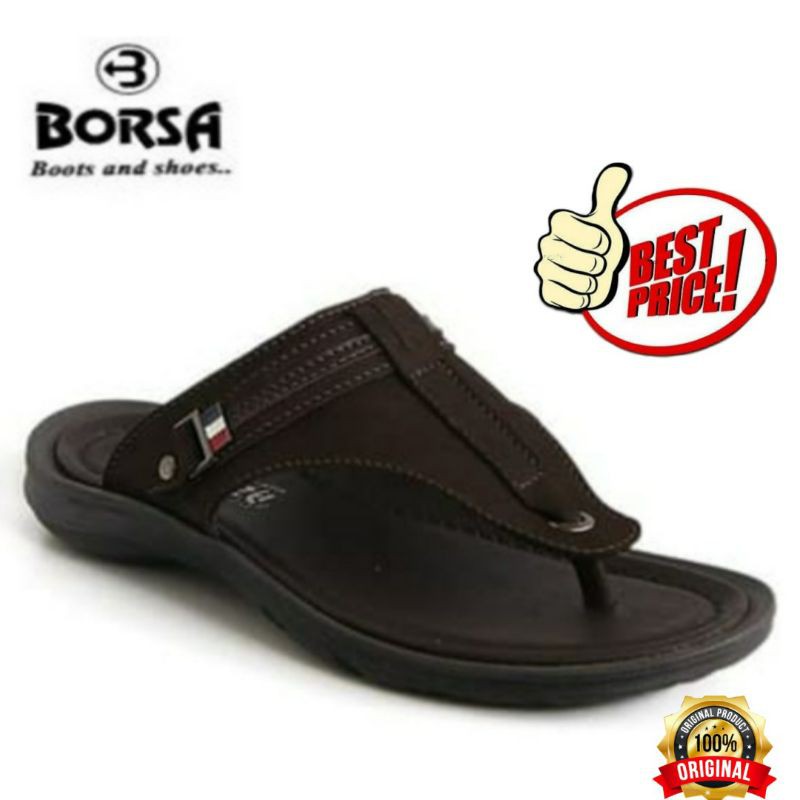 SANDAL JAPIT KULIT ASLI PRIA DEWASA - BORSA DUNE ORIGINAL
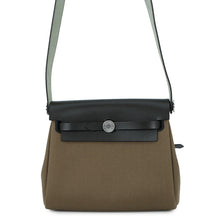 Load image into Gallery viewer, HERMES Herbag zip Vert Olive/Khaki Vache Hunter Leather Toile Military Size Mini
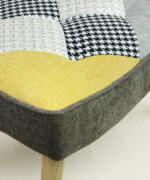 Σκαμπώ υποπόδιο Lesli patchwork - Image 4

### Task details
Repeat the whole of the material above exactly, but keep the pictures out.

### Response area
 SANDAL JAPIT KULIT ASLI PRIA DEWASA - BORSA DUNE ORIGINAL
 Load image into Gallery viewer, HERMES Herbag zip Vert Olive/Khaki Vache Hunter Leather Toile Military Size Mini
 Σκαμπώ υποπόδιο Lesli patchwork - Image 4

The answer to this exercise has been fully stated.